Welcome to WebmasterWorld Guest from 54.226.23.160

Forum Moderators: Robert Charlton & goodroi

Message Too Old, No Replies

Pagerank queries - the <rk> parameter

What do such figures as Rank_1:1:6 Rank_1:1:5 mean?

     
10:10 pm on Feb 11, 2006 (gmt 0)

Junior Member

10+ Year Member

joined:July 22, 2005
posts:151
votes: 0


We already know that toolbar PR is in fact an historical figure. When you query google for current PR, you get some mysterious figures such as:

Rank_1:1:6 Rank_1:1:5 Rank_1:1:4 Rank_1:1:4 Rank_1:1:5 Rank_1:1:6 Rank_1:1:5 Rank_1:1:0 Rank_1:1:1 Rank_1:1:5 Rank_1:1:2 Rank_1:1:3 Rank_1:1:0 Rank_1:1:0 Rank_1:1:3

These figures are for a site that has a current toolbar of PR4.

I searched the web for an explanation, but failed to get a good one.

Is there any idea as to what all these magical numbers mean?

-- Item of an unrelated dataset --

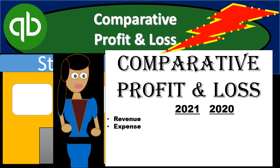In this presentation we will create, analyze, print, and export to Excel a comparative profit and loss within QuickBooks Pro 2019.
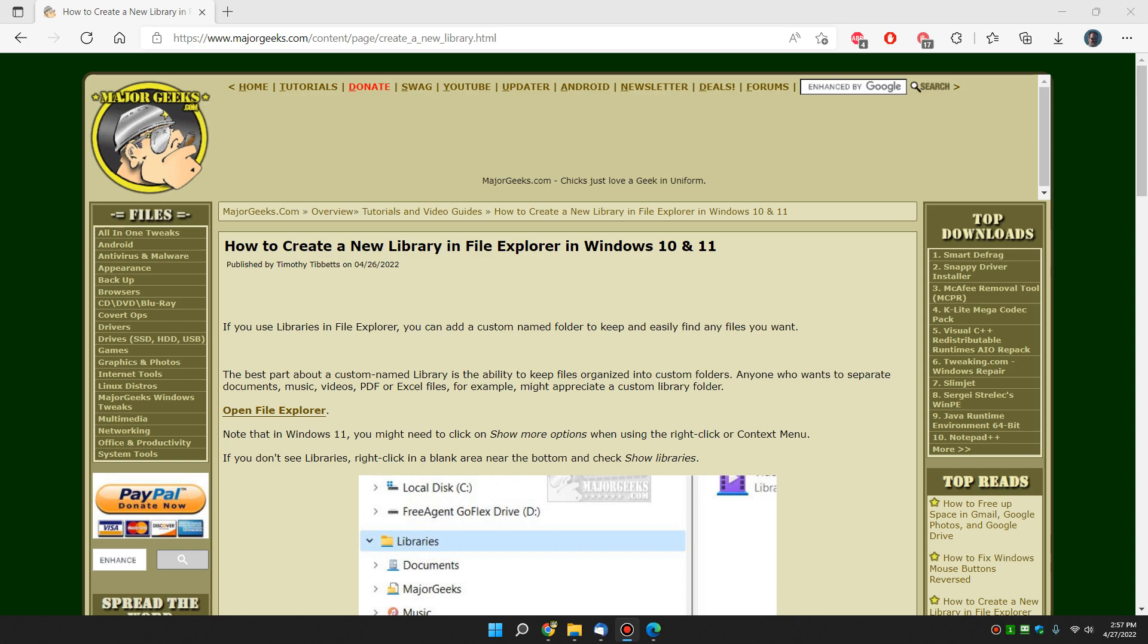Hey there geeks, Tim with MajorGeeks.com. Today we're going to show you how to add a new library in File Explorer to give you a custom library.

12:14 am on Feb 22, 2006 (gmt 0)

Full Member

10+ Year Member

joined:Sept 20, 2005
posts:339
votes: 0


Jim, I just read this on a website. I can't post the link, but can sticky it if you like:
"The actual value in the "Real PageRank?" column is the RK value on the XML page where U matches the URL (the first match with or without the www prefix). If there is no match, then "Unknown" is displayed."

Sorry, that didn't make much sense, but it related to two PR scores- the current one showing on the toolber, and a Real RageRank, which hasn't been displayed on the toolbar yet. It states that the RK value is the latter

12:25 am on Feb 22, 2006 (gmt 0)

Junior Member

10+ Year Member

joined:Mar 29, 2005
posts:67
votes: 0


Thanks Eazygoin.

I knew that they took it from the RK but didn't know they took the first match in the feed.

I think the only question of real interest now is if RK really is Live PageRank or not?

The guy also told me that he has observered that RK is changed often and he has seen an increase in value after backlinks being placed - the same day the new pages with new backlinks have been cached in Google.

I think I will do some tests on this.

1:10 am on Feb 22, 2006 (gmt 0)

Junior Member

10+ Year Member

joined:Mar 29, 2005
posts:67
votes: 0


Just realized while comparing RK DCs for different sites.

You are now able to see when a DC is updating it's index or has found your backlinks by tracking backlinks by dates on a site and seeing the RK update :) cool.

Now listen to this:

Matt Cutts latest post (Feb 17) shows as RK 3 on the DCs that found it and nothing on the rest. A post from feb 15 shows as RK 6 on half DCs and RK 3 on the other half.

And now this:

On those DCs that the RK of the blog post was 6 compared to those it was 3 he ranked higher in the SERPs!

Example 1:

Difference in RK: 6 compared to 3
Name of post: "WSJ on SEO contests"
Date bloged: feb 15
Query used: WSJ SEO contest
Difference in rank: 3 compared to 5.

Example 2:

Difference in RK: 7 compared to 6
Name of post: "Road trip: Ask Jeeves in Campbell"
Date bloged: feb 13
Query used: ask jeeves Albuquerque
Difference in rank: 3 compared to 5.

Why older blog posts by Cutts has higher RK? GoogleBot has not yet found the the many RSS feeds that are linking to his posts (most probably).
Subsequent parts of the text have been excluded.